TASK -> Exactly as written, give back every record below.

MATERIAL PROVIDED ->
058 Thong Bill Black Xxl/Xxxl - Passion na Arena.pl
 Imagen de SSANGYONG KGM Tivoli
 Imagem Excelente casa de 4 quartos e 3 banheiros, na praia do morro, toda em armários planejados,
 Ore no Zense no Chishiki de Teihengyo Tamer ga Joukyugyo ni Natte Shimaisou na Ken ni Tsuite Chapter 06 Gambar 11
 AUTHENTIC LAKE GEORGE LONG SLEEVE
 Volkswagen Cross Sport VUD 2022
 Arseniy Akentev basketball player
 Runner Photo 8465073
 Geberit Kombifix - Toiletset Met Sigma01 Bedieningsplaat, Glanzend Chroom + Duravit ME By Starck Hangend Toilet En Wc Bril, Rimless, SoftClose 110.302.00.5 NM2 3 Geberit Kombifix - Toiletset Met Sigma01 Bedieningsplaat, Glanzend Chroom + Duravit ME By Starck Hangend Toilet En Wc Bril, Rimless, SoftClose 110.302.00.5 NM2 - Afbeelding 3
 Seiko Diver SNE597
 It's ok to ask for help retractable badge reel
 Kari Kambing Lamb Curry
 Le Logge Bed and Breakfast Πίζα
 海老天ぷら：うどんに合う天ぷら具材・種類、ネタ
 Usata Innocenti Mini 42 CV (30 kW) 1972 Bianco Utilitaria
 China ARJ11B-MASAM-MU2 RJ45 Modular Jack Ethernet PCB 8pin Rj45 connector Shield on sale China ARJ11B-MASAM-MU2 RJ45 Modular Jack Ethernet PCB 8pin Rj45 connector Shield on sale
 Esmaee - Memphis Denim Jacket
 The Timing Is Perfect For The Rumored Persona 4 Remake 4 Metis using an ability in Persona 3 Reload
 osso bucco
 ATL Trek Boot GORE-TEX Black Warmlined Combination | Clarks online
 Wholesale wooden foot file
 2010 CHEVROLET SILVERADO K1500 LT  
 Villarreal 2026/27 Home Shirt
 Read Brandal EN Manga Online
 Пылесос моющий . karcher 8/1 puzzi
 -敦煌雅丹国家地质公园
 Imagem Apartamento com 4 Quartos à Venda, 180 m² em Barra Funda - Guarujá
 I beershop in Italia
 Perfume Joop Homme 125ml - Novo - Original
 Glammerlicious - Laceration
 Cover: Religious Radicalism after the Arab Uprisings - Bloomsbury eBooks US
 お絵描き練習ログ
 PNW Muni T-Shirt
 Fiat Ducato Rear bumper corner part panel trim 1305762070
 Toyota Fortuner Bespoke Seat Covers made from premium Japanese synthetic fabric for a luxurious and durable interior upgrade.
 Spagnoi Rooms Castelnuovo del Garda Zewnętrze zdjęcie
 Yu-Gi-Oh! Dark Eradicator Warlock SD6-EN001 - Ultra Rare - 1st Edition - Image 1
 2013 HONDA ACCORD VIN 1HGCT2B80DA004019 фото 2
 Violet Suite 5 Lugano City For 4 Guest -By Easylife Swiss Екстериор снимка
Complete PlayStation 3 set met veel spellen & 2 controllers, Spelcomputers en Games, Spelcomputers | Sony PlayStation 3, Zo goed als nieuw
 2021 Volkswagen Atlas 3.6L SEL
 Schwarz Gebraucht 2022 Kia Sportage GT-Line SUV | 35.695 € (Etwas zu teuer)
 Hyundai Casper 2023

TASK ANSWER ->
058 Thong Bill Black Xxl/Xxxl - Passion na Arena.pl
 Imagen de SSANGYONG KGM Tivoli
 Imagem Excelente casa de 4 quartos e 3 banheiros, na praia do morro, toda em armários planejados,
 Ore no Zense no Chishiki de Teihengyo Tamer ga Joukyugyo ni Natte Shimaisou na Ken ni Tsuite Chapter 06 Gambar 11
 AUTHENTIC LAKE GEORGE LONG SLEEVE
 Volkswagen Cross Sport VUD 2022
 Arseniy Akentev basketball player
 Runner Photo 8465073
 Geberit Kombifix - Toiletset Met Sigma01 Bedieningsplaat, Glanzend Chroom + Duravit ME By Starck Hangend Toilet En Wc Bril, Rimless, SoftClose 110.302.00.5 NM2 3 Geberit Kombifix - Toiletset Met Sigma01 Bedieningsplaat, Glanzend Chroom + Duravit ME By Starck Hangend Toilet En Wc Bril, Rimless, SoftClose 110.302.00.5 NM2 - Afbeelding 3
 Seiko Diver SNE597
 It's ok to ask for help retractable badge reel
 Kari Kambing Lamb Curry
 Le Logge Bed and Breakfast Πίζα
 海老天ぷら：うどんに合う天ぷら具材・種類、ネタ
 Usata Innocenti Mini 42 CV (30 kW) 1972 Bianco Utilitaria
 China ARJ11B-MASAM-MU2 RJ45 Modular Jack Ethernet PCB 8pin Rj45 connector Shield on sale China ARJ11B-MASAM-MU2 RJ45 Modular Jack Ethernet PCB 8pin Rj45 connector Shield on sale
 Esmaee - Memphis Denim Jacket
 The Timing Is Perfect For The Rumored Persona 4 Remake 4 Metis using an ability in Persona 3 Reload
 osso bucco
 ATL Trek Boot GORE-TEX Black Warmlined Combination | Clarks online
 Wholesale wooden foot file
 2010 CHEVROLET SILVERADO K1500 LT  
 Villarreal 2026/27 Home Shirt
 Read Brandal EN Manga Online
 Пылесос моющий . karcher 8/1 puzzi
 -敦煌雅丹国家地质公园
 Imagem Apartamento com 4 Quartos à Venda, 180 m² em Barra Funda - Guarujá
 I beershop in Italia
 Perfume Joop Homme 125ml - Novo - Original
 Glammerlicious - Laceration
 Cover: Religious Radicalism after the Arab Uprisings - Bloomsbury eBooks US
 お絵描き練習ログ
 PNW Muni T-Shirt
 Fiat Ducato Rear bumper corner part panel trim 1305762070
 Toyota Fortuner Bespoke Seat Covers made from premium Japanese synthetic fabric for a luxurious and durable interior upgrade.
 Spagnoi Rooms Castelnuovo del Garda Zewnętrze zdjęcie
 Yu-Gi-Oh! Dark Eradicator Warlock SD6-EN001 - Ultra Rare - 1st Edition - Image 1
 2013 HONDA ACCORD VIN 1HGCT2B80DA004019 фото 2
 Violet Suite 5 Lugano City For 4 Guest -By Easylife Swiss Екстериор снимка
Complete PlayStation 3 set met veel spellen & 2 controllers, Spelcomputers en Games, Spelcomputers | Sony PlayStation 3, Zo goed als nieuw
 2021 Volkswagen Atlas 3.6L SEL
 Schwarz Gebraucht 2022 Kia Sportage GT-Line SUV | 35.695 € (Etwas zu teuer)
 Hyundai Casper 2023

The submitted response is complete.